Have you watched the Dog Whisperer? It is amazing to see these unruly dogs become well-behaved members of the home. The Dog Whisperer, Cesar Millan, uses certain techniques and attitudes (he calls it "calm assertive energy") to gain control over the dogs. He says he "rehabilitates dogs and trains humans." I think what he does is also applicable to parenting.
The most important advice he has for humans is not to let your emotions get in the way. He says that we humans often "feel sorry" for the dog and that prevents us from dealing with the dog in the way that is appropriate for the dog, and us, to enjoy the relationship.
The Dog Whisperer also points out that dogs live "in the moment." They respond to strong leadership and require "rules, boundaries and limitations" to feel secure and part of the "pack."
He always begins his rehabilitation with observation of the relationship between the dog and the humans. He finds that the humans are the ones that must learn a different way to handle their pets.

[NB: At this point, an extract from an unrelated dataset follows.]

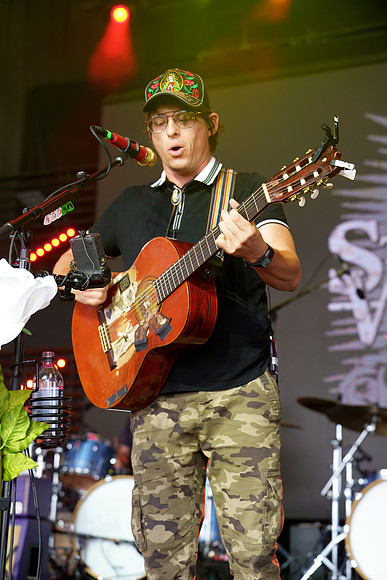 DSC01571-topaz-rawdenoise-sharpen-face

Jo Frost, also known as the Supernanny, performs a similar function for families with unruly kids. What she most often discovers is that the root of the problems with the kids comes from the parents.

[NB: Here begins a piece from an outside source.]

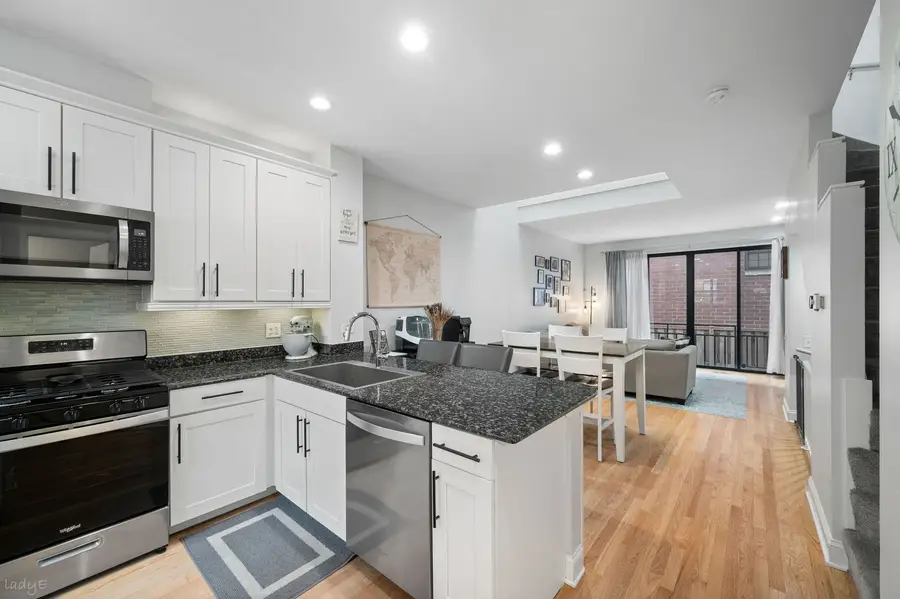 2820 N Greenview Avenue #B, Chicago, IL 60657 - #3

She usually begins her visit by observing the family in action. What she most often finds is a lack of leadership from the parents. They are failing to provide structure for the kids. In some cases, the home is total chaos from the parents' inability to assume control (or leadership) over the behavior of the children. The children do only what they want, do not comply with parental requests and treat their parents disrespectfully.
The Supernanny emphasizes that the home must have rules and there must be consequences for breaking the rules. Jo Frost also advocates maintaining a calm assertive energy when dealing with children.
Family rehabilitation usually starts with a chart for daily structure for the family and some specific techniques, such as "time-out" for the kids. You could almost say that Jo Frost "rehabilitates families and trains parents."
It truly amazing to see the difference in the family once Jo has helped the parents understand the importance of structure and leadership - the same concept as the Dog Whisperer's "rules, boundaries and limitations.' Neither dogs nor children can learn the structure or the rules, boundaries and limitations without the pack leader or parents formulating them and communicating them.
I find that with our very busy lives and our desire to raise our children and our pets with compassion and understanding, we have forgotten the important basic foundations of raising children and having pets. They both need structure and framework to give them a secure foundation. They need us to assume leadership so that they feel safe and cared for.
They also need us to keep our cool and be responsive rather than reactive. When your child is being disrespectful or just not doing what you want, it is common to get angry and lose that calm, assertive demeanor.
The next time your child (or even your pet) doesn't seem to be responding to you, ask yourself if you have provided the structure - the rules, boundaries and limitations -- for this particular instance. If you find you haven't, figure it out what you want, and then communicate it! Also check your emotions - are your buttons being pushed? Remember to maintain calm assertive energy.